There is a thread here on Bonner Feller, the US Military attache attached to the 8th Army, whose intelligence reports were regularly intercepted by Rommel courtsey of the much maligned Italians in March 1941. Rommel enjoyed reqular updates from Feller to July 1942 when the US realised their State Department codes had been penertrated and Feller was returned to the US.
The second coincedence was the capture of Rommels 621 wireless listening unit by the Australian 2/24 Battalion on July 10 1942 http://www.iwm.org.uk/upload/package/21 ... gypt05.htm
In the space of a two weeks (early July 1942) all Rommel's intelligence disappeared, as did his tactical brillance. His attacks at the first battle of El Alamien were clumsy and he sat passively until Montgomery attacked (two of my uncles were there attacking along the Coast Rd with the Australian 9th Divison, drawing the Afrika Korp down upon them)

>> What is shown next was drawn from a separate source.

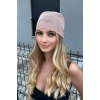 Pembe Renk Fileli Fular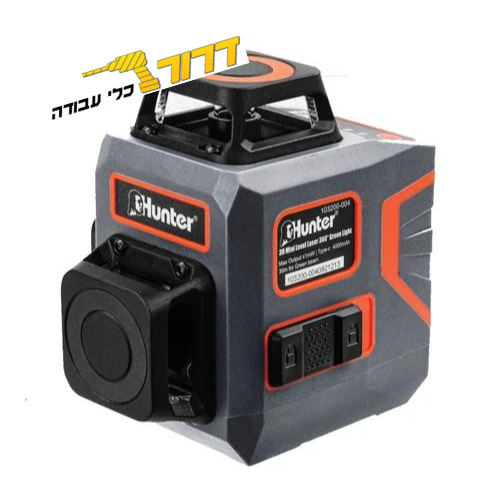פלס לייזר שלושה מעגלים ירוק מיני 3D | כולל מעמד ושלט 30 מטר 103200-004 Hunter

Just as an aside, I had an elderly italian neighbor when I grew up, he was captured at El Alamein and came to Australia as a POW, then came back post war to settle with his family. He said Ramcke's Unit stole Italian trucks to make their escape. The bit about them capturing british trucks was made up to try and keep the Italians onside. Just a little oral history, it may be right or wrong.

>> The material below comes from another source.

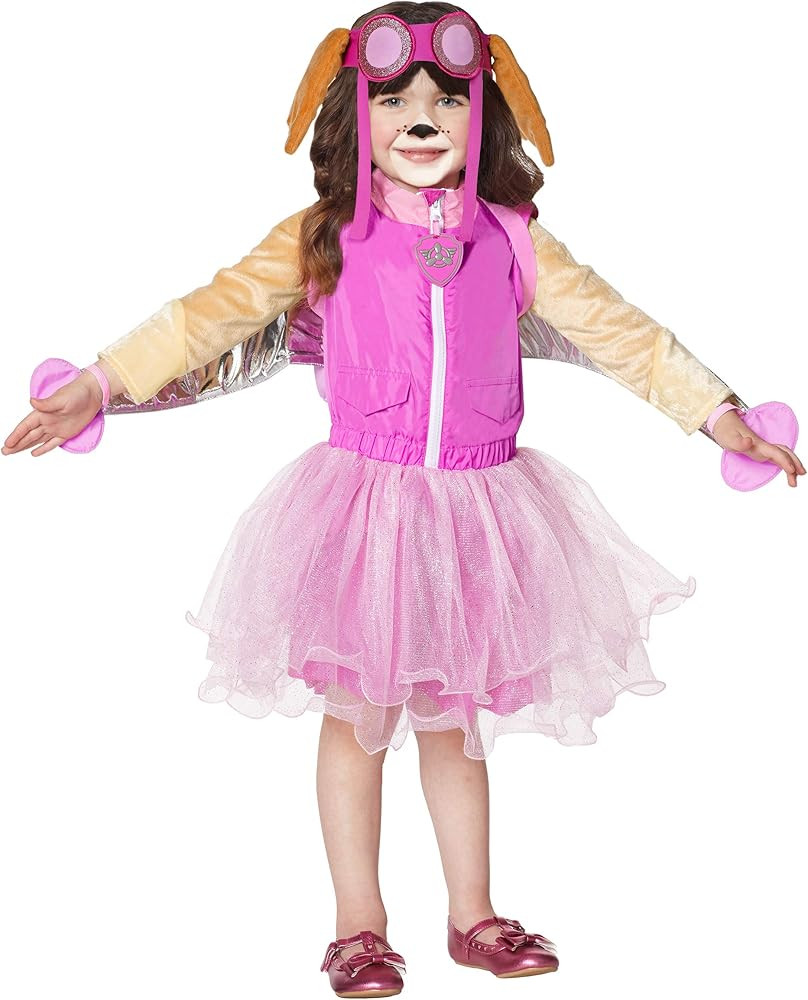 Spirit Halloween Toddler PAW Patrol Costume Skye Costume Deluxe | OFFICIALLY LICENSED | Amazon (US)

Europe 1944, I wrote way back that pre D-Day Montgomery planned to be on the Seine River on D+90 and that is exactly where he was with most of the German Forces in France destroyed or captured and the rest fleeing to Germany as fast as they could go.
The breakout from the D-Day Beach head was an exact mirror of 2nd El Alamein, an initial attack in the North blocked "Goodwood" but a crumbling attack continued to draw the bulk of the German forces North on to it. A massive blow south a few days later with US forces breaking out.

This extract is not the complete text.